Just picked up a center-feed Savage Stevens 200 and got to try it out at the range. After fiddling with the factory trigger adjustments and setting the wire spring as light as it will go without slam-fires I’m still not particularly impressed with the trigger weight (my mosin is lighter than that after some shimming). So being both an eternal tinkerer and a cheap bugger (read not willing to spend $+100 on an aftermarket trigger for a $300 rifle), I’m wondering if anyone has attempted adding a set screw for sear clearance on this trigger. I figure with a tap, some careful drilling, and a $0.98 headless screw, one could lighten this trigger up quite a bit – set to no less than 0.015” of course. My only concern (and the reason I haven’t gone ahead and done it already) is the surface hardening Savage adds to the sear contact of the trigger. Than again, the base of the sear notch on the trigger is not a friction point, but just holds the sear at a given clearance, right.
I’d basically be adding the sear set screw that comes with all the pre-accutrigger Savages, placing it in the same location as on these. Your thoughts…
 
There are 3 factory adjustments. Two for limits of travel (and sear engagement), and one for the safety. Plus the tension spring you mentioned.

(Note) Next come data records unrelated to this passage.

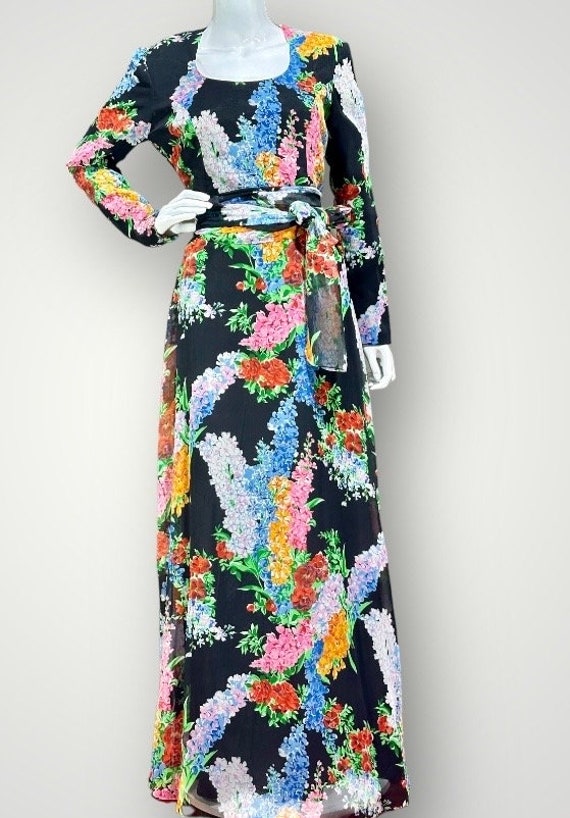 vintage evening dress, Razook’s poly chiffon bold… - image 5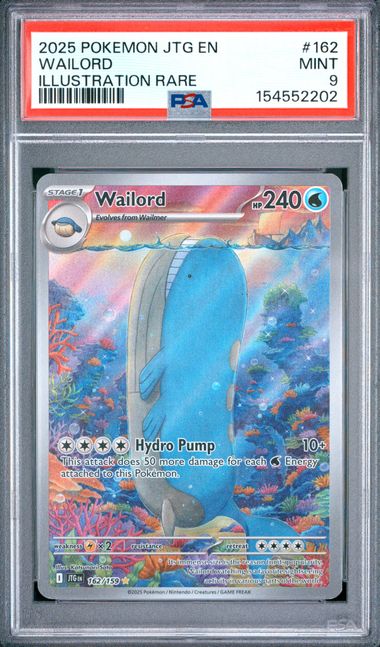 2025 POKEMON JTG EN-JOURNEY TOGETHER #162 WAILORD ILLUSTRATION RARE PSA 9 SC1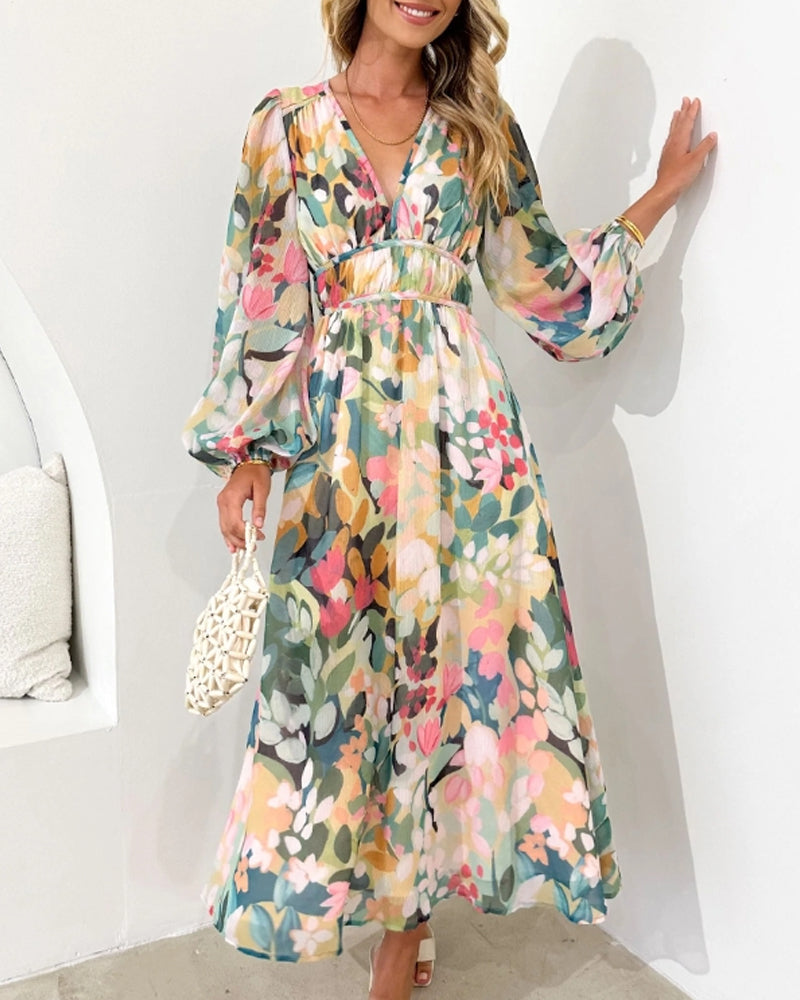 Drune | Boho Blumen Maxi Kleid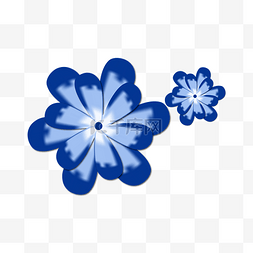 矢量蓝色手绘渐变花朵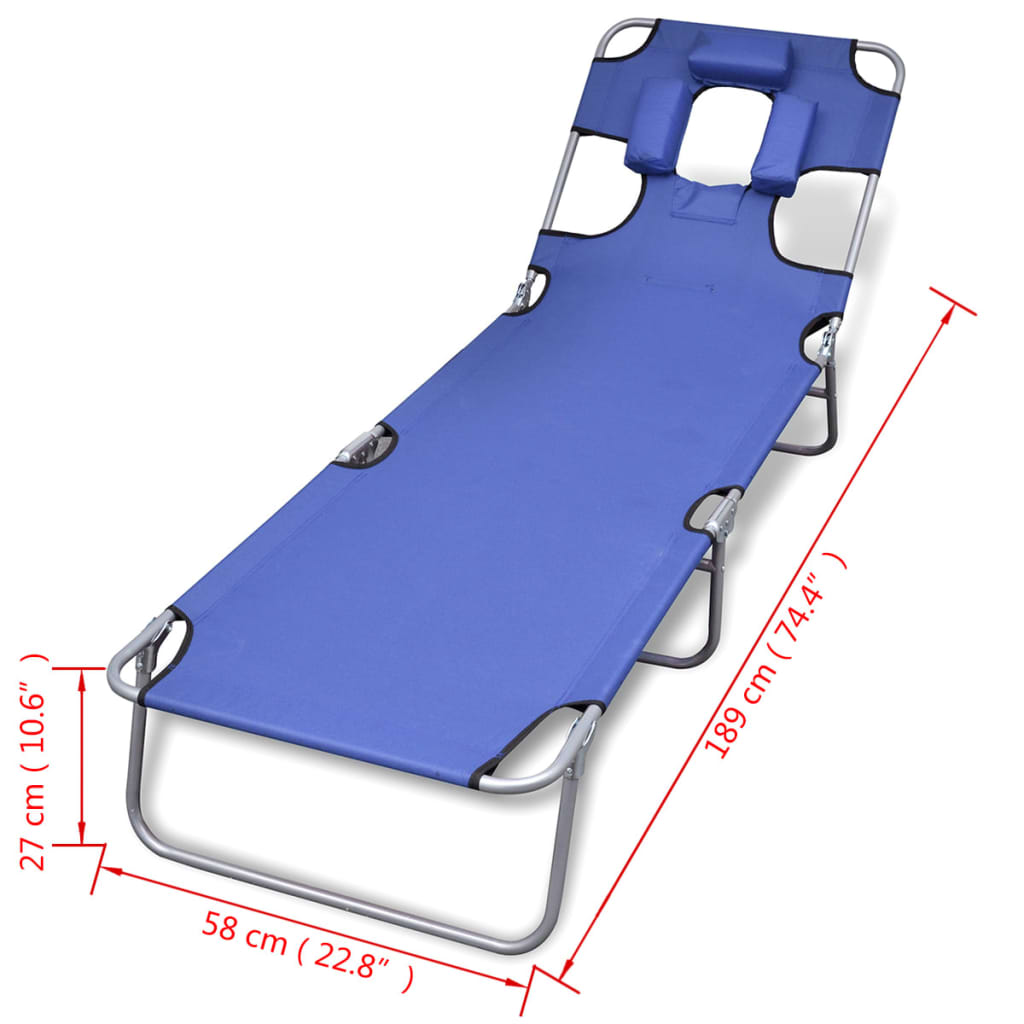 Folding Sun Lounger With Head Cushion Powder-Coated Steel Blue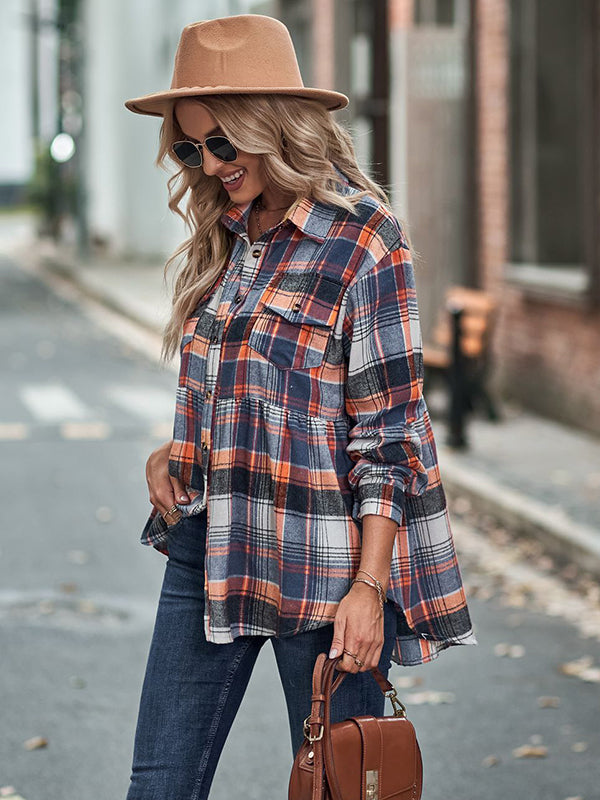 Loose Checkered Lapel Blouses&shirts Tops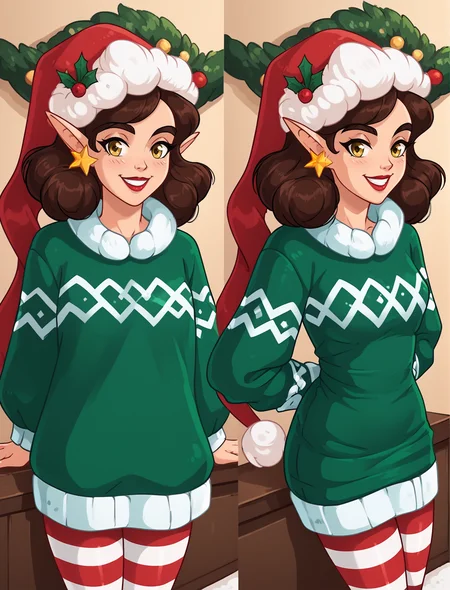 score_9, score_8_up, score_7_up, best quality, 2d, masterpiece, PenelopeTheElf, 1girl, solo, brown hair, yellow eyes, pointy ears, red lips, baggy green sweater, striped pantyhose, star earrings, santa hat, christmas decoration, indoors, cozy, looking at viewer, dynamic angle, standing, cowboy shot, PajChall, multiple views, arms behind back, smile, teeth, waist, hips, sitting on present, from side, <lora:PenelopeTheElf:0.8> <lora:PajamasChallenge_pdxl_Incrs_v1:1>
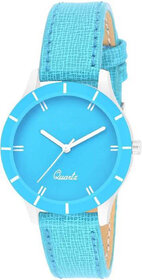 HRV CutGlass SkyBlue Leather Women Watch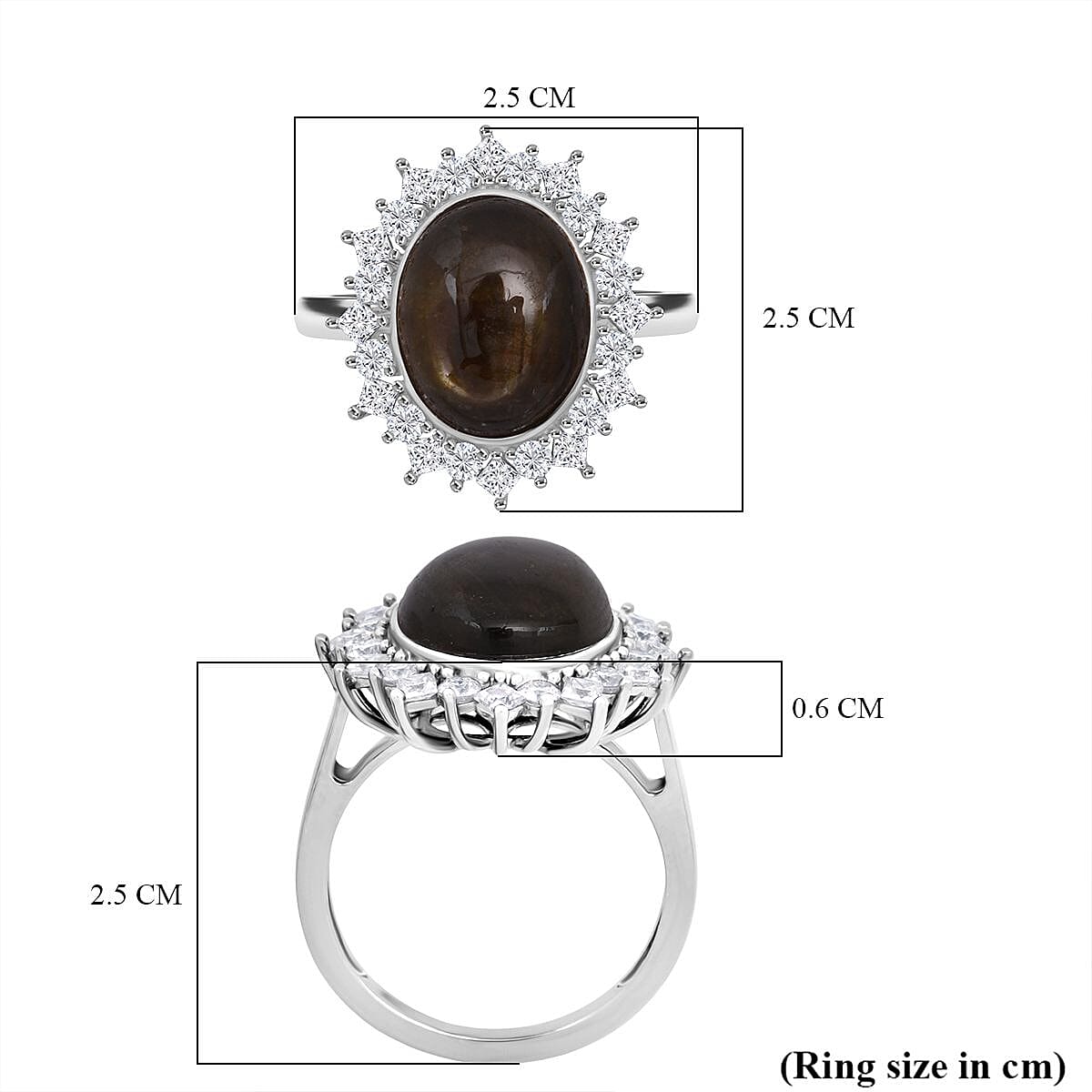 D'Joy Natural Chantaburi Black Star Sapphire & Moissanite Ring in Rhodium Overlay Sterling Silver 13.27 Ct.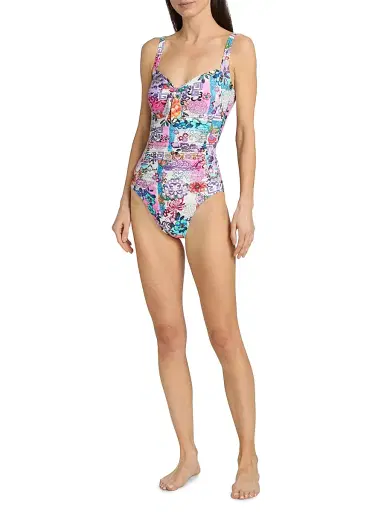 Johnny Was Women's Roseum Ruched Floral One-Piece Swimsuit - Roseum | Thumbnail 2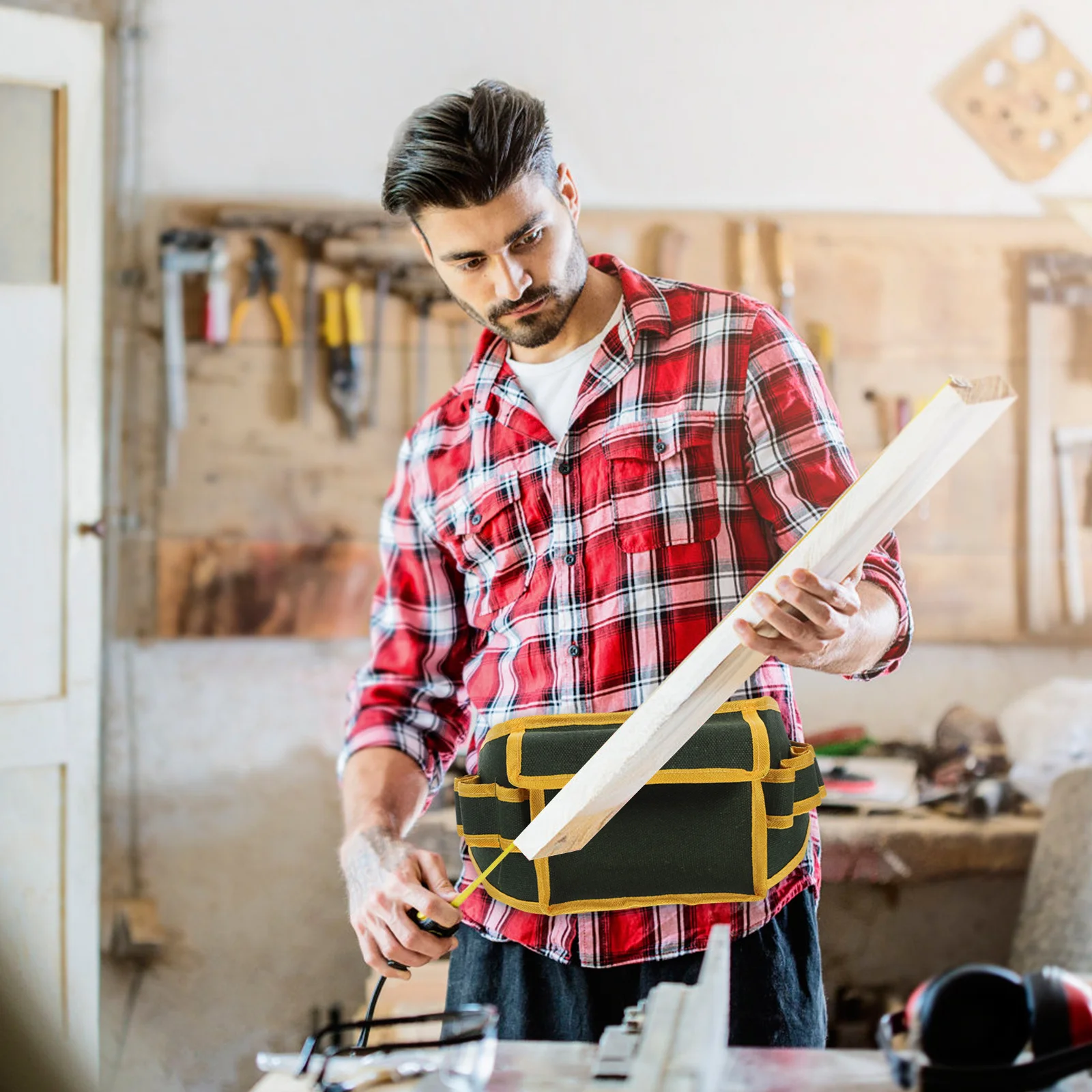 متعددة الوظائف كهربائي الخصر الأصفر أكسفورد القماش سعة كبيرة أداة حقيبة حامل الأكياس العمل فائدة الحقيبة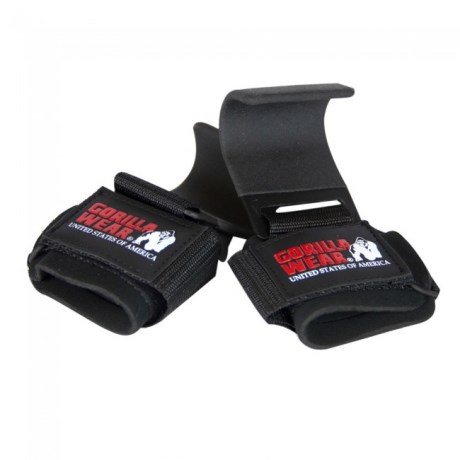 Miniatyrbild Gorilla Wear Weight Lifting Hooks, One size, Black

It's trivial to set the trigger to have sero take up or over travel. Polishing the sear and trigger can reduce creep and lighten the pull somewhat. Beyond that, you'd have to bust out the stones and start removing material from the sear (a very tiny amount). I suppose adding a setscrew would achieve the same effect (partially, anyway. It wouldn't do anything to smooth the operation of the trigger)

The consensus is that you can safely take the stock trigger down to 2.5-3 lbs using the above methods. This is on the light side of where a 'normal' hunting trigger is (most are ~5lbs off the shelf in my experience). Past that, you get into an area of potential accidental discharges.
 
Am I missing something? My Stevens has 3 adjustment screws: one for safety clearence, one for overtravel (both of these are at the rear of the trigger), and one for wire spring tension adjustment. From what I understand, pre-accutrigger savages also came with an adjustment screw that sat right at the sear of the trigger, but mine has no such thing. This is what I wanted to add.
varminthunters dot com has a write-up on this
 
Here is a couple of pics of a pre-accutrigger trigger that might help you out. You can clearly see the sear engagement screw which the Stevens does not have. I don't know what kind of luck you would have trying to add that screw. You could always try, I suppose.

HPIM13831.jpg


HPIM13851.jpg


Adjusting the wire spring does very little to lighten the trigger pull, you really need that sear engagement.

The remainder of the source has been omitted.